Negke is back with another cool and unique map. This is a single player map based on id's maps DM4: The Bad Place, DM5: The Cistern, and DM6: The Dark Zone. As I've come to expect with Negke's maps, the map is unique, fun, and has a mysterious mechanical style based on innovative uses of Quake's original textures. You begin in a small outdoor area above the "Cistern complex" as we might call it, and soon drop down into the watery areas. One unique thing about this map is the rotfish; the few initial areas featuring swimming and underwater combat really give no hint as to how much swimming there is later on in the map. You surface in a very familiar part of DM5 and it's soon on to fighting monsters. While negke said in the release that he didn't change the maps as much as he might have or should have, I don't think any more changes than he made were needed: in fact I was surprised by how much he did change the maps (looks, rather than layouts, which mostly remain intact) given this disclaimer. There are lots of detailed additions in the map such as arches, cutouts, support beams, machinery, chains, and so forth. None of it looks plain or boring. There's obviously some retexturing, notably to convert the blue/lava DM4 to a green/water theme like the rest of the map.

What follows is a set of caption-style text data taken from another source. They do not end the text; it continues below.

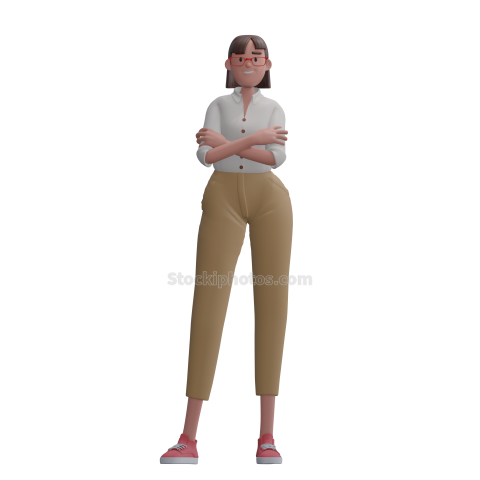 3D Girl Character Poses Illustratrion (25)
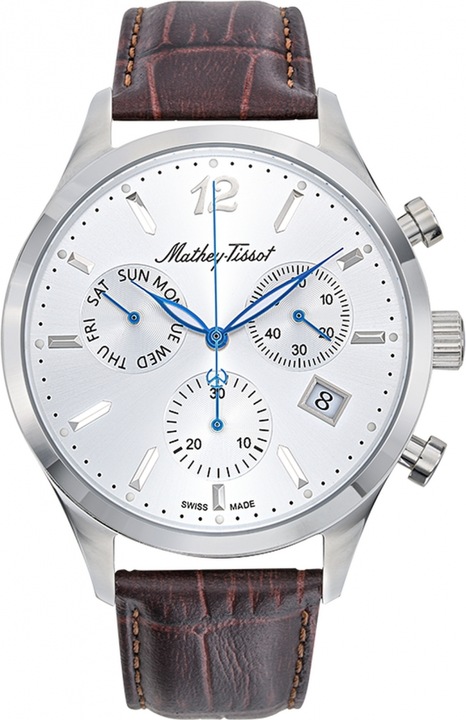Ceas de lux pentru barbati MATHEY-TISSOT H411CHALS, maro clasic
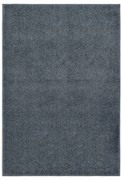 antracitszürke rövid szálú szőnyeg 160 x 230 cm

The scale, being based on id maps, is small, so the low and mid-level monsters in the map like knights and enforces provide a suitable challenge. Once you get through the DM5 section it's on to the DM6 section, which connects up in surprising and pleasing ways: the most impressive of which is a blocked hallway to the end which links the two map sections very directly. The DM6 section has had water added, to fit the cistern theme, and some machinery. It's getting to be really amusing how negke never uses custom code or anything, but just uses all the crazy weird hacks that he knows: the waterfall doesn't just play rogue's ambient waterfall sound, but instead repeats the "surfacing" sound at that waterfall spot. I'm not sure how he got it to do this, but doing stuff like this on principle is kind of awesome. The final part of the map is probably the most intense underwater stuff I've played in Quake: I died a couple times, other people apparently had an even rougher time of it, the main thing is just to realize that the biosuit respawns and keep going back to it to make sure you don't drown - and keep those damn fish away from you. This section was a bit of a panic because it's all underwater and there's nowhere to surface, but as long as you get the biosuit it's fine, and it makes sense that much of a cistern would be underwater. I liked the section, it was something new. After this there's a few more fights and then it's back the way you came.

This map really was a great idea, and in the execution I don't think I could ask for anything more than maybe a message saying "the biosuit respawns, keep this in mind!" (heh) although that might wreck immersion a bit. It's another convincing yet abstract mechanical "Quakey environment" by the master of this sort of stuff. No one does Q1SP like negke.